Education Minister Erica Stanford announced the funding “reprioritisation” on Thursday, as associate minister David Seymour announced his own crack down on truancy.

Seymour called it the “Star system”. That stands for “Stepped Attendance Response”, which would catch truant students and put them back in school, starting in 2026.

Here’s one detail that will set the teacher’s union screaming like stuck pigs – less bludge days.

And he wasn’t just concerned with absent students. Seymour has also called on schools to stop using “teacher only days”.

“Schools will have to play their part in setting a good example as well. This means not taking teacher-only days during term time,” he said.
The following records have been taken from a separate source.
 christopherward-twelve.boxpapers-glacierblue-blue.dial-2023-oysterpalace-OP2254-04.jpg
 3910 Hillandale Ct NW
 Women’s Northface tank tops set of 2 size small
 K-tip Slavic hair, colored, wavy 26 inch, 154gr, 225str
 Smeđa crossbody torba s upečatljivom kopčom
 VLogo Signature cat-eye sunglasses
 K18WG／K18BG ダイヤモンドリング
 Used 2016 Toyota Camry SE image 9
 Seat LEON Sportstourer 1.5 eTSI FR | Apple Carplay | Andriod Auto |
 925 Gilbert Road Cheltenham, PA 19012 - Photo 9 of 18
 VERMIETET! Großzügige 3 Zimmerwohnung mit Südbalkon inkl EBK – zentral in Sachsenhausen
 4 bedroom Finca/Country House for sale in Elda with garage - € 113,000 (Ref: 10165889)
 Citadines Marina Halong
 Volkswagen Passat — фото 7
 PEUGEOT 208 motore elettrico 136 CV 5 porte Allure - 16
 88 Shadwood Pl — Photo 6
What? Work on some of their 12 weeks of holidays every year? The horror!

There’s a stick for deadbeat parents, too.

Each school would have its own Star plan, with more intensive responses the longer the child was absent.

It would start with a message to the parents, and could lead to the Ministry of Education being called in to fine the parents […]

Seymour said the issue of absenteeism in schools is serious, with New Zealand’s regular attendance rate only 47.1% in 2023.

“If this issue isn’t addressed there will be an 80-year long shadow of people who missed out on education when they were young, are less able to work, less able to participate in society, more likely to be on benefits. That’s how serious this is.”

And a government getting serious about education? For all its faults, this can only be a good sign.